Restaban tres minutos para la llegada de mi tren. El líquido viscoso sabor maracuyá flirteaba con mi lengua, y el efecto balsámico del eucalipto, la anestesiaba. Sentía ambos sabores fusionarse con mi saliva, y formar un néctar que se distribuía por toda la boca, colándose por la nariz a través del paladar; experimenté un intenso frescor. Dejar de fumar había aumentado el potencial de mis pupilas gustativas, y ellas me lo agradecían transformando mi boca en una sala de fiestas. Como si de un cambio de cromos se tratase, los recuerdos, en forma de aros de humo sentado en un banco, dejaron paso otros, donde se visualizaban noches de insomnio, vueltas sobre la almohada empapada en sudor, toses continuas, y la horrible sensación de que por más que intentaba respirar una bocanada de aire mis pulmones no respondían, como si fueran de piedra.

La sirena de un tren que circulaba por las vías contrarias a las de mi andén me devolvió a la realidad. Enfrente, la anciana se incorporaba de su asiento, preparándose para ingresar en uno de los vagones. Éste redujo la velocidad hasta pararse, y se abrieron las compuertas; a través de una de las ventanas observé a la anciana acceder y sentarse, dándome la espalda. El convoy permaneció unos segundos parado, y sólo se escuchaba el zumbido grave de los motores. Tras un sonoro pitido las compuertas se cerraron, y reemprendió la marcha.

¡Me sentía fenomenal! Había conseguido disipar de nuevo las ganas de fumar. Quería pegar botes y besar en la frente a aquella anciana, salir a la calle, y reír con todas mis ganas. ¡Qué bien me encontraba! Y fue quizá por ello, que eufórico y orgulloso de mi fortaleza mental dejé salir de mi boca la masa de goma que masqué con potencia; ésta se deslizó de forma recta hacia el suelo. Desplacé mi tronco hacia delante y arqueé en sentido contrario mi pierna izquierda. Noté cómo se tensaban cuadriceps y gemelos. Cuando la masa alcanzó la altura de mi rodilla derecha empujé hacia delante, con todas mis ganas, la pierna izquierda, y con el empeine golpeé el chicle mascado, conectando una perfecta volea del diablo. La masa de chicle salió despedida como un misil, y atravesó en vuelo rasante las vías, para acabar impactando sobre la chapa de uno de los últimos vagones del tren, que estaba en plena aceleración.

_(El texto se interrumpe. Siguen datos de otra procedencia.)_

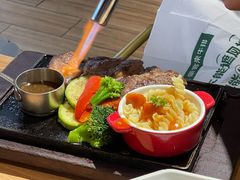 -豪客来牛排(红豆万花城店)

Observé atónito cómo el vagón brincó y se desplazó de forma antinatural hacia el anden, como un avión de papel en medio de un vendaval. El resto del convoy reaccionó como una culebra, y de dos fuertes zigzagueos descarriló por completo, invadió el andén contrario al mío, y golpeó el lateral del tunel, que se desplomó como un castillo de arena, provocando un estruendo que retumbó como un colosal trueno en mis oídos. Al cabo de unos segundos, comenzaron a arder varios vagones, y una fuerte explosión provocó el estremecimiento de toda la estación, como si fuera epicentro de un terremoto. Del techo se desprendió el cartel digital, y se estampó contra las vías. Cayeron cascotes, se derribó la máquina expendedora de chicles, y alguna que otra mampara de cristal estalló en muchos trozos pequeños. Se fue la luz en la estación, pero el amarillo y rojo de las llamas que salían de los vagones, junto con el brillo eléctrico de algunos cables segados ofrecían una visión parcial y terrorífica del panorama. Olía a plástico quemado, a pollo demasiado frito, y al polvo, que se había levantado en una nube densa y tenebrosa.

Balbuceé algo inteligible, sentí mi cuerpo agitarse como si fuese de gelatina, reculé varios pasos, hasta golpearme con una papelera, y decidí desde aquel mismo instante, si lograba sobrevivir, aparte de desapuntarme del gimnasio, llevar siempre conmigo una botella de medio litro de agua. Mejor de dos litros. Los chicles los tenía prohibidos.